# AIM OF THE EXERCISE
Could you transcribe all the entries exactly, omitting the pictures?

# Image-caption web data
'''

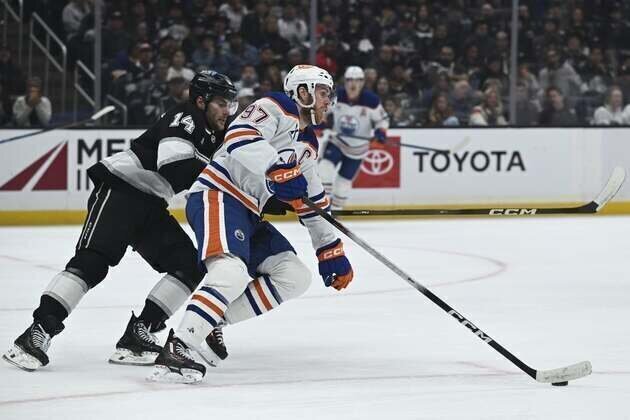 NHL roundup: Oilers stars hit milestones in rout of Kings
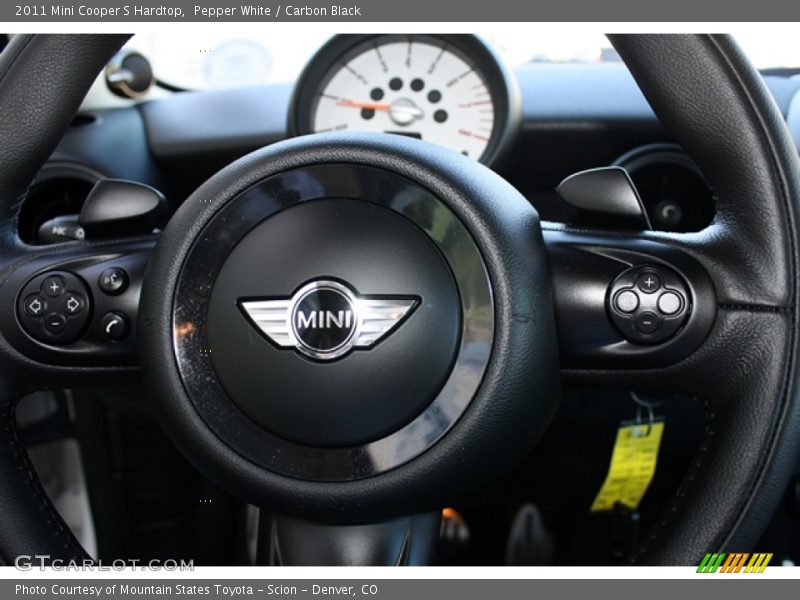 Pepper White / Carbon Black 2011 Mini Cooper S Hardtop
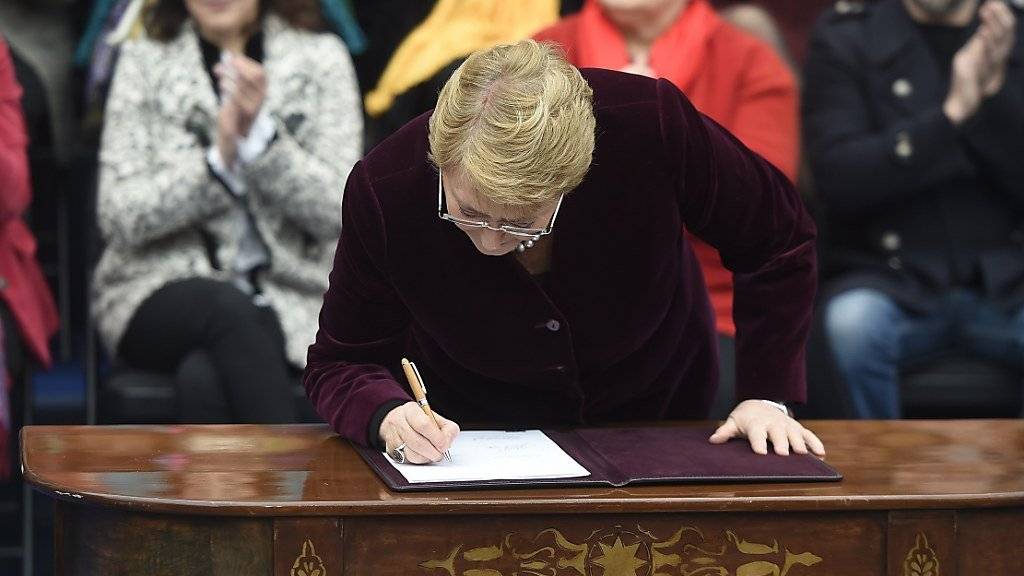 Die Präsidentin Chiles, Michelle Bachelet, hat ein Gesetz zur Aufweichung des Abtreibungsverbots in ihrem Land unterzeichnet und damit in Kraft gesetzt.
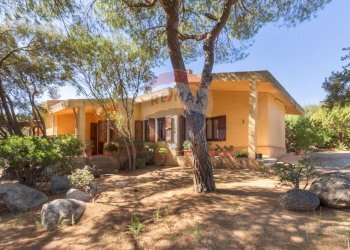 L\'ESTERNO - Villa Via dei Faggi
 
34, Quartu Sant'Elena - foto 2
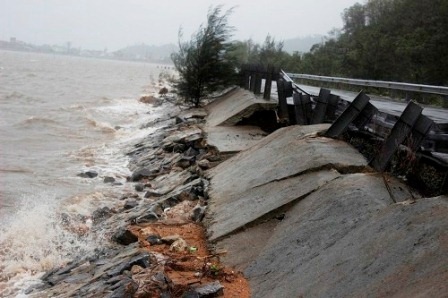 Hối hả "chạy" theo hướng đi của cơn bão - 10 Sóng đánh sạt lở bờ tại đường Trịnh Tố Tâm ven đầm Lập An (Ảnh: Đức Cường)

'''

# RESULT OF THIS EXERCISE
 NHL roundup: Oilers stars hit milestones in rout of Kings
 Pepper White / Carbon Black 2011 Mini Cooper S Hardtop
 Die Präsidentin Chiles, Michelle Bachelet, hat ein Gesetz zur Aufweichung des Abtreibungsverbots in ihrem Land unterzeichnet und damit in Kraft gesetzt.
 L\'ESTERNO - Villa Via dei Faggi
 
34, Quartu Sant'Elena - foto 2
 Hối hả "chạy" theo hướng đi của cơn bão - 10 Sóng đánh sạt lở bờ tại đường Trịnh Tố Tâm ven đầm Lập An (Ảnh: Đức Cường)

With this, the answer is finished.